In the meantime, we found out that one of the moms on tour is REALLY claustrophobic. We barely had room to breathe in there, so she was trying hard to remain calm. So James and I were trying to distract her by telling stories about us, DreamSchool, puppies, ANYTHING! And everybody else in the elevator was helping too.

After ten (yes, TEN) minutes, we finally call the operator back. He tells us they're still working on it.

After fifteen (yes, FIFTEEN) minutes, we hear somebody banging on the outside of the elevator. A guy yells, "HEY, WE CAN'T GET YOU OUT SO WE CALLED THE FIRE DEPARTMENT."

Oh good, great. Thanks.

After twenty (TWENTY) minutes, we called the operator AGAIN, and were told that the fire department was stuck in traffic and wouldn't be there for "a while." The poor woman with claustrophobia was really having a hard time, so one of the moms called 911 on her cell phone and demanded that we get let out immediately, somehow, but NOW.

After twenty-five (TWENTY-FIVE) minutes that felt like an hour, one of the dads suggested we pry the doors open. We didn't know where we were in the building, but we decided to give it a try. Three guys were able to pry open the first set of elevator doors, but we were greeted with two concrete doors.

After some pushing and shoving and grabbing various levers, the guys FINALLY got the second doors open. We were down halfway below the basement--we had to crawl up out of the elevator and into the basement. But we were out.

James and I apologized sixteen million times...we were both so embarrassed, but there was nothing we could do. James was late to a class of his, so he took the people who wanted to leave back to the visitor's center and went to his class. I, meanwhile, had to finish the tour alone. We didn't want to take the elevator so we walked up 9 flights up stairs, talked about the area, and walked all the way back down to the first floor, and the tour was over.

It was about then that the adrenaline started to wear down. I was shaking from the rush and utterly exhausted from everything. It was pretty crazy, let me just tell you that. Now, several hours later it's like it never happened--like it was a weird bad dream.
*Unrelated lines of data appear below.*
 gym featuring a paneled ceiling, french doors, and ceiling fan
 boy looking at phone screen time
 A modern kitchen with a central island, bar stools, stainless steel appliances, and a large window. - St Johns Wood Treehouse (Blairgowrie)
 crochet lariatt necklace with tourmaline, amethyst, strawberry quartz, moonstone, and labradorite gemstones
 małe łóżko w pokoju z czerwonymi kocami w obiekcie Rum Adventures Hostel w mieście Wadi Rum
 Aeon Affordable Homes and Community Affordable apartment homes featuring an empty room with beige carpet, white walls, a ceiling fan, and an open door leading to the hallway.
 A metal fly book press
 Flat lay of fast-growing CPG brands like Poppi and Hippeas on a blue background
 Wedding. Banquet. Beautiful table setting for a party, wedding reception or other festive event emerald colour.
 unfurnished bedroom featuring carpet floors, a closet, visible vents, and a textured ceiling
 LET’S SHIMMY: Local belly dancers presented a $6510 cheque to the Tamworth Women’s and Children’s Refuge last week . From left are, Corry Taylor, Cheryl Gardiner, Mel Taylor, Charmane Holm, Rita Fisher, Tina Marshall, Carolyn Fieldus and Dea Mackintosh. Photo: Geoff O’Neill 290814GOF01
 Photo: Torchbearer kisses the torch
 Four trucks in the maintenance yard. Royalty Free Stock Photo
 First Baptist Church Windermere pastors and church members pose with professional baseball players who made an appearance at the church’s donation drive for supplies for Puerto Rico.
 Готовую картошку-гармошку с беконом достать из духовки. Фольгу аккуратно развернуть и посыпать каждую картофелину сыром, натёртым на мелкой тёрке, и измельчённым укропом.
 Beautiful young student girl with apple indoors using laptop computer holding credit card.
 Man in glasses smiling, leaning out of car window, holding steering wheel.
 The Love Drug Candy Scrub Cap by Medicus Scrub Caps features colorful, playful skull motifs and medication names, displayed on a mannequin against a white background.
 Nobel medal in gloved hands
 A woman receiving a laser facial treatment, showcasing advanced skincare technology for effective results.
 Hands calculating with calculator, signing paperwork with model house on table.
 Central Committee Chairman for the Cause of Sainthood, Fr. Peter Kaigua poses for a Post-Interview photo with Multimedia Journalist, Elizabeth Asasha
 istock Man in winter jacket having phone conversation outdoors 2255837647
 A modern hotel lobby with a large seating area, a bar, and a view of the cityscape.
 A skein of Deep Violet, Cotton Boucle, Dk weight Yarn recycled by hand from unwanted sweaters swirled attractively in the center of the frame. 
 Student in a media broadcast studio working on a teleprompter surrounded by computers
I will say this: NO MORE LARGE GROUPS IN ELEVATORS FOR ME, that's for sure!

Edited to add: My mom asked how far the elevator actually sunk--6.5 floors.

I'm not gonna brag, but...

Dennis Quaid *totally* called my office today. I didn't get to speak with him, but...

I *might* get to take him out on tour. Also, she's not too famous, but...

I got to cover *Project Runway* WINNER Leanne Marshall during a press conference last night, and...she's adorable.

That's all.

3.22.2009

Twenty-twelve

I met up with a bloggy friend this afternoon today (and her baby boy, who is just about the most delicious baby I've ever laid eyes on).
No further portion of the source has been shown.